Tr. : « Socrate est reconnu pour avoir le premier tourné la philosophie entière à la correction et au règlement des mœurs, alors qu’avant lui, tous consacraient leur plus grande attention plutôt à la recherche des vérités physiques, c’est-à-dire naturelles. Il ne me paraît pas possible de tirer au clair si c’est par dégoût de ces questions obscures et incertaines que Socrate dirigea son esprit vers la découverte de quelque chose de clair et de certain, qui fût nécessaire à cette félicité à laquelle seule le génie de tous les philosophes ont consacré leurs veilles et leurs travaux, ou si, suivant quelques interprètes bienveillants, il ne voulait pas que des âmes rendues impures par toutes les passions terrestres aspirent aux choses divines. Car il voyait qu’ils recherchaient les causes naturelles, choses fondamentales et sublimes qu’il croyait relever de la volonté d’un Dieu unique et suprême, ce qui lui faisait juger qu’elles ne pouvaient être comprises que par des âmes pures ; de sorte qu’il pensait qu’il fallait s’appliquer à purifier la vie par de bonnes mœurs, pour que l’âme, soulagée des passions qui l’alourdissent, s’élève par sa force naturelle aux choses éternelles, et contemple par la pureté de l’intelligence la nature de la lumière incorporelle et immuable, où les causes de toutes les natures créées jouissent d’une existence stable ».
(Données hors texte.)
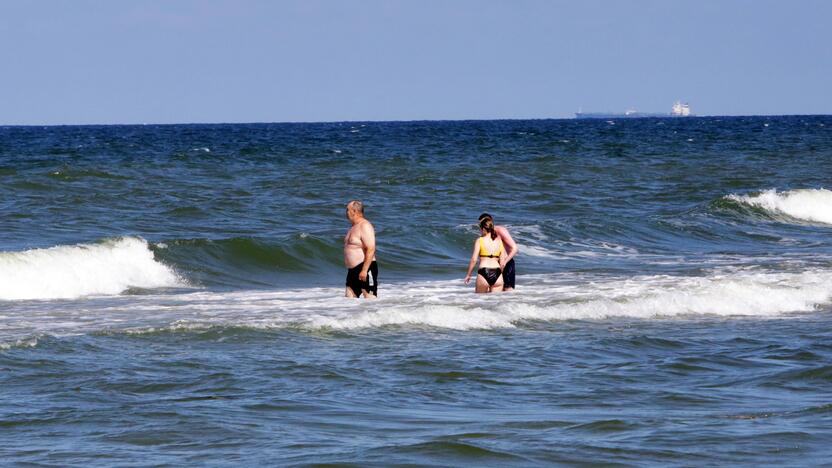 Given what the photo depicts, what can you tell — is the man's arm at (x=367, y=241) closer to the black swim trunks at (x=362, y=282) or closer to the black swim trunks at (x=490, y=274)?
the black swim trunks at (x=362, y=282)

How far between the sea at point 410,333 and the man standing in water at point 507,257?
0.30 meters

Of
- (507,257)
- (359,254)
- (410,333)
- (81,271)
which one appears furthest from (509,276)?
(81,271)

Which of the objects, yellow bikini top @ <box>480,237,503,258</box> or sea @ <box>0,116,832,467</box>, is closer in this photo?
sea @ <box>0,116,832,467</box>

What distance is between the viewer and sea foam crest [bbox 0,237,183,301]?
657 inches

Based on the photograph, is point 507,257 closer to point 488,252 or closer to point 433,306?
point 488,252

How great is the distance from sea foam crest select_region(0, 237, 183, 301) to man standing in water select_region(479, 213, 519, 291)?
4.86 m

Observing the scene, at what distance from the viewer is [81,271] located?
701 inches

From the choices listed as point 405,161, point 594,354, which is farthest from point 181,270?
point 405,161

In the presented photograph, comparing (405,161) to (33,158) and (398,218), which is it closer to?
(33,158)

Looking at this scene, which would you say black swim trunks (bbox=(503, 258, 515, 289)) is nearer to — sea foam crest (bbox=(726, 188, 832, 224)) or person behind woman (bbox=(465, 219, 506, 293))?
person behind woman (bbox=(465, 219, 506, 293))

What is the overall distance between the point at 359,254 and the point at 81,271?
518 cm

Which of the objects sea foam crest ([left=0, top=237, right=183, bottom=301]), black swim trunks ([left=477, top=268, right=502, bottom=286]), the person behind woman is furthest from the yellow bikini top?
sea foam crest ([left=0, top=237, right=183, bottom=301])

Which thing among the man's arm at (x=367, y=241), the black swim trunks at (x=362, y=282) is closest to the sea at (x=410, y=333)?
the black swim trunks at (x=362, y=282)

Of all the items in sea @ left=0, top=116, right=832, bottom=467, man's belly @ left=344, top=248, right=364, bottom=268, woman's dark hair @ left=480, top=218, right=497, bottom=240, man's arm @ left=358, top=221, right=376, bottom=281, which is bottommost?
sea @ left=0, top=116, right=832, bottom=467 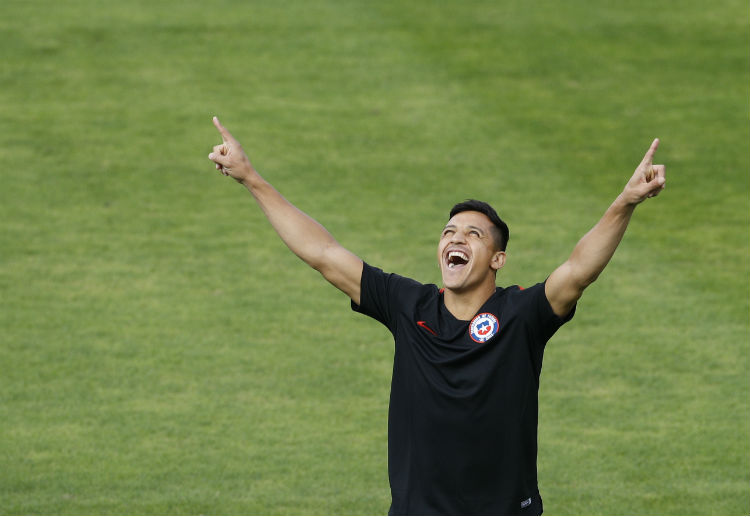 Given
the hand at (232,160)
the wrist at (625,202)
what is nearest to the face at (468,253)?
the wrist at (625,202)

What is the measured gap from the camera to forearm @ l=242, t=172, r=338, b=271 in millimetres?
5566

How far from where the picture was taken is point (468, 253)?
17.6 ft

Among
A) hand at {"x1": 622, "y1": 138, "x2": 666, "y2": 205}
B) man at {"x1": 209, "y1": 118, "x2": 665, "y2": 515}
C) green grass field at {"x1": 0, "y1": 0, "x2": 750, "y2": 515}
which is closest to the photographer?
hand at {"x1": 622, "y1": 138, "x2": 666, "y2": 205}

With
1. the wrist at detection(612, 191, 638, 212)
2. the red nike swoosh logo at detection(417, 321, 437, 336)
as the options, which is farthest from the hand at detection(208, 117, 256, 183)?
the wrist at detection(612, 191, 638, 212)

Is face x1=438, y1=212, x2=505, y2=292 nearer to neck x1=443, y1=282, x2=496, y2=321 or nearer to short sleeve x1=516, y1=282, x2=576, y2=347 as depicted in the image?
neck x1=443, y1=282, x2=496, y2=321

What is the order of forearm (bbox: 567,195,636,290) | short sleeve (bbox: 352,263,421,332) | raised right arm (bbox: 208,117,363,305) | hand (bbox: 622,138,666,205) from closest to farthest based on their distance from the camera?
1. hand (bbox: 622,138,666,205)
2. forearm (bbox: 567,195,636,290)
3. short sleeve (bbox: 352,263,421,332)
4. raised right arm (bbox: 208,117,363,305)

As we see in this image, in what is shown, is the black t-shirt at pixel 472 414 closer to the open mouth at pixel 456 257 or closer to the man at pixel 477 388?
the man at pixel 477 388

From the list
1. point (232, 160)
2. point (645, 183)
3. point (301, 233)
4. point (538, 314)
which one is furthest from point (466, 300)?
point (232, 160)

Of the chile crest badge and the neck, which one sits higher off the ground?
the neck

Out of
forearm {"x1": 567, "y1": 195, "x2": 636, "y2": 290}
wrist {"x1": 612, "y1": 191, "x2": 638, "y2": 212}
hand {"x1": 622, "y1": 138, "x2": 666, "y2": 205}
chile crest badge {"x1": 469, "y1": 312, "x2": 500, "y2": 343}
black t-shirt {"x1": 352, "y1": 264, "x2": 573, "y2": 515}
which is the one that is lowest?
black t-shirt {"x1": 352, "y1": 264, "x2": 573, "y2": 515}

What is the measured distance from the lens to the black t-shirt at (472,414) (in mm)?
5035

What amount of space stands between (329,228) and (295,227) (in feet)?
22.2

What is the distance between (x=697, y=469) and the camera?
8.66m

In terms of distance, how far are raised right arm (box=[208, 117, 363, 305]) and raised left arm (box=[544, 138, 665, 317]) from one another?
92 cm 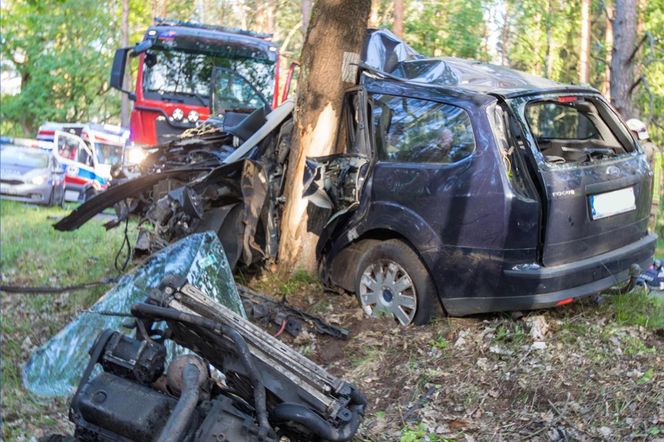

Les philosophes qui, selon Augustin, recherchent les causes naturelles, sont les présocratiques.

Pascal reprend l’idée selon laquelle Socrate prépare les idées pré-chrétiennes qu’il attribue à Platon.

Voir Romilly Jacqueline de, Les grands sophistes dans l’Athènes de Périclès, Paris, De Fallois, 1988, p. 34 sq. Avec Socrate, par opposition aux philosophes qui l’ont précédé, seul comptent l’homme et les fins qu’il se propose, et le bien.

Dictionnaire des philosophes, article Socrate, Encyclopaedia universalis, Paris, Albin Michel, 1998, p. 1407 sq.

 

Sur la structure du fragment

 

Ce fragment est la transposition historique d’une construction combinatoire sous-jacente que l’on trouve dans Perpétuité 11 (Laf. 289, Sel. 321). Les Juifs charnels tiennent le milieu entre les chrétiens et les païens. Les païens ne connaissent point Dieu et n’aiment que la terre, les juifs connaissent le vrai Dieu et n’aiment que la terre, les chrétiens connaissent le vrai Dieu et n’aiment point la terre. Les juifs et les païens aiment les mêmes biens. Les juifs et les chrétiens connaissent le même Dieu. » Les Juifs charnels et les païens sont également impuissants, chacun à leur manière, à répandre la vérité, contrairement aux chrétiens qui « connaissent le vrai Dieu et n’aiment point la terre.

Gouhier Henri, Blaise Pascal. Conversion et apologétique, p. 145. Rapprochement avec Perpétuité 8 (Laf. 286, Sel. 318) et Perpétuité 11 (Laf. 289, Sel. 321), sur les catégories théologiques des païens, des Juifs, etc.